Amnesty International says Zardari’s UK Visit Must Deliver Human Rights Gains in Northwest Pakistan
August 2, 2010
Pakistan’s President Asif Ali Zardari should use his United Kingdom visit to announce reforms in the country’s northwest that will help combat human rights violations, Amnesty International said today.
President Zardari is due to arrive in the United Kingdom on August 3rd, amid increased focus by international leaders on Pakistan’s response to the Taliban-led insurgency in its northwest tribal areas and in Afghanistan.
"The conditions are right for Pakistan to show it is serious about political solutions to the human rights violations, poverty, and constitutional rights vacuum in the northwest that allowed the Taliban to assert such control there in the first place," said Sam Zarifi, Amnesty International’s director for the Asia-Pacific.
"The Pakistani people have suffered tremendously at the hands of the Taliban, but a predominantly military response has led to more than a million civilians still displaced and thousands of deaths while not dealing with the root of the problem," said Zarifi.
Amnesty International is calling on President Zardari to deliver on his promise made on August 14, 2009 to reform the exclusionary laws that still govern the northwestern Federally Administered Tribal Areas (FATA) and parts of Khyber Pakhtunkhwa (formerly North West Frontier Province).

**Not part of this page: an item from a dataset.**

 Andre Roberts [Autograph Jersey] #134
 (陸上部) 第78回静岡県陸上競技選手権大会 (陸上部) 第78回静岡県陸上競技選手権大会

The Frontier Crimes Regulation is a colonial-era law that excludes the population of FATA from the protection of the national courts and Constitution of Pakistan, allowing for collective military punishment and restricted electoral rights.

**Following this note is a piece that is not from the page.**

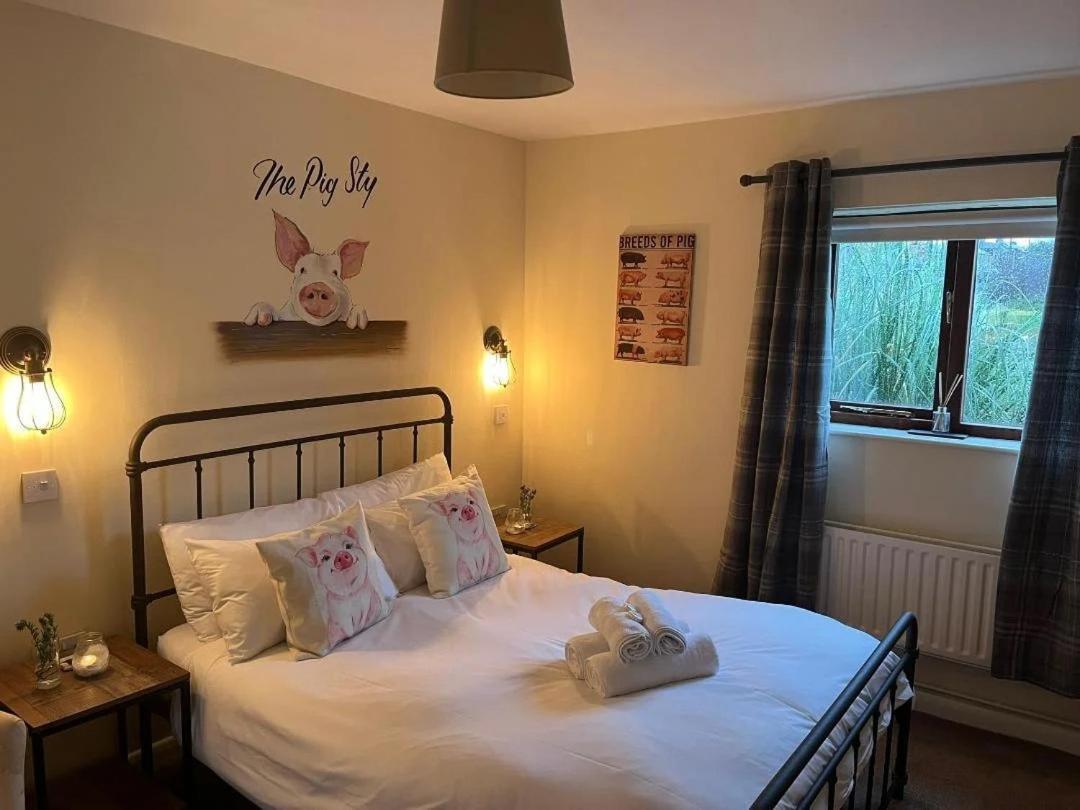 Farmyard Inn Youlgreave Eksteriør billede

"President Zardari should take this opportunity to answer his critics by announcing specific, major reforms, like the abolition of the Frontier Crimes Regulations that treat northwestern Pakistan like a human rights-free zone" said Zarifi.
Amnesty International is also calling on Zardari and U.K. Prime Minister David Cameron to incorporate real human rights benchmarks in their counter-terror efforts, and into development aid to Pakistan.

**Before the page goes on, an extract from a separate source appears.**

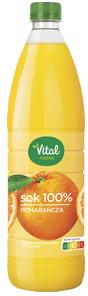 Sok bezpośrednio wyciskany pomarańczowy Vital Fresh, 1 l
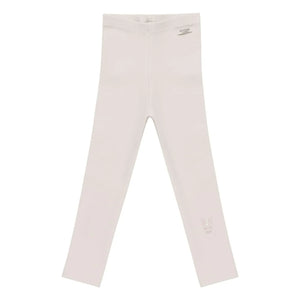 Donsje - Soenie organik pamuklu unicorn tayt | Pudra pembe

Political reform and development will improve the region’s human rights, and strengthen accountability and rule of law, which need to be at the core of any anti-terror strategy in Northwestern Pakistan, Amnesty International said.
"The UK and Pakistani government have to work together to deliver human rights and development for the people of the northwest. Aid to these regions will be wasted in the absence of political reform and guarantees of human rights," said Zarifi.
The UK has pledged £600 million (approximately $790 million USD) over 5 years in humanitarian aid to people affected by the conflict in the northwest, but needs to include human rights benchmarks in how that money is used, and to push for an end to enforced disappearances, arbitrary detention and mistreatment of detainees.
Amnesty International released its report As if Hell Fell On Me: the Human Rights Crisis in Northwest Pakistan in June, which portrayed the civilians of the northwest as caught in a human-rights free zone, between Taliban rule and heavy-handed responses from the Pakistani military.